_Your objective_:
Lines before the one containing "thumbnail image 1" are left out; copy that line and every later line through the end of the data exactly.

*** Collected data ***

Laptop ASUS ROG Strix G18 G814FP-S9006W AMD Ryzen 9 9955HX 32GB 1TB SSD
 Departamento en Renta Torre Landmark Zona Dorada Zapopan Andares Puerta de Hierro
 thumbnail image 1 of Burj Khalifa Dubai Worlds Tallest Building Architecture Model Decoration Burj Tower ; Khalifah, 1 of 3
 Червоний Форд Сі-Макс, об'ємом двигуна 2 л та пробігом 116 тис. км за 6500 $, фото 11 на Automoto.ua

*** End of Collected data ***

_Written solution_:
 thumbnail image 1 of Burj Khalifa Dubai Worlds Tallest Building Architecture Model Decoration Burj Tower ; Khalifah, 1 of 3
 Червоний Форд Сі-Макс, об'ємом двигуна 2 л та пробігом 116 тис. км за 6500 $, фото 11 на Automoto.ua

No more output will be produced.